Sir Mick Jagger, 80, hints he will be giving his $500M fortune away to charity instead of his children when he dies: ‘They don’t need it’
Sir Mick Jagger, 80, hints he will give away his $500 million fortune to charity instead of his children when he dies: ‘They don’t need it’
Mick Jagger has hinted that his share of the Rolling Stones’ back catalog will be given to charity instead of his children.
Rocker Mick, 80, said his eight children “don’t need $500 million to live on,” so he has apparently come up with another way to donate his fortune.
In an interview with The Wall Street Journal, he said that leaving the money to charity “could do some good in the world.”
The Stones were forced to learn how to manage themselves financially after facing serious property rights problems.
They still don’t own the rights to their pre-1971 catalog – which includes many of their biggest singles such as Satisfaction, Paint it Black and Jumpin Jack Flash.
Big ideas! Mick Jagger has hinted that his share of the Rolling Stones’ back catalog will be given to charity instead of his children
Family: Rocker Mick, 80, said his eight children ‘don’t need $500 million to live on’ so he has apparently come up with another way to donate his fortune (photo Karis, Jade, Mick, Georgia May and Lizzy )
The band hired accountant Allen Klein in the 1960s to stabilize their finances.
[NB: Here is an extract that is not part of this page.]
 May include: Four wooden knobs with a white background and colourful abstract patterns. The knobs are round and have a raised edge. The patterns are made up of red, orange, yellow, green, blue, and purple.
Klein had worked with The Beatles and The Kinks and negotiated a lucrative deal for the Stones with Decca, but when the partnership ended he managed to retain ownership of their catalog for the years he managed them – from 1965 to 1970.
The Stones received millions of pounds in royalties, but not as much as if they owned the music outright.
Other music stars have sold the rights to their work in recent years, including Bruce Springsteen, Paul Simon and Sting. No decisions have been made regarding the Stones catalogue.
If Sir Mick’s daughter Georgia May, 31, a successful model, was bothered by her dad’s comments, she didn’t show it as she partied at Paris Fashion Week with mum Jerry Hall.
The couple wore black velvet outfits at the Yves Saint Laurent show on Tuesday.
While Mick may worry about what will happen to his money when he’s gone, he recently said that their music might live on for much longer.
This week he discussed the possibility of The Rolling Stones outliving his life with the rise of AI technology in the music industry.
Abba has achieved huge success with their virtual concert residency Abba Voyage, in which ‘Abba-tars’ portrays the singers as they appeared in the heyday of the 1970s.
Hackey Diamonds: The Rolling Stones – made up of Mick, Keith Richards and Ronnie Wood – release their first album of new material in 18 years, and their first since the death of Charlie Watts
The frontman discussed the possibility of a ‘posthumous tour’ with AI avatars portraying himself and his bandmates on stage.
Referring to Abba’s success, he said WJ. Magazine: ‘You can have a posthumous company now, right? You can get a posthumous tour.
“Technology has really evolved since the ABBA thing, which I was supposed to go to, but I missed it.”
The Rolling Stones – consisting of Mick, Keith Richards And Ronnie Hout – release their first album of new material in 18 years, and their first since the death of Charlie Watts.
Drummer Charlie sadly passed away in August 2021 at the age of 80 due to complications from emergency heart surgery.
There are two songs on the new album that were recorded in 2019, meaning the late drummer will still appear on the project as a sweet tribute to the music icon.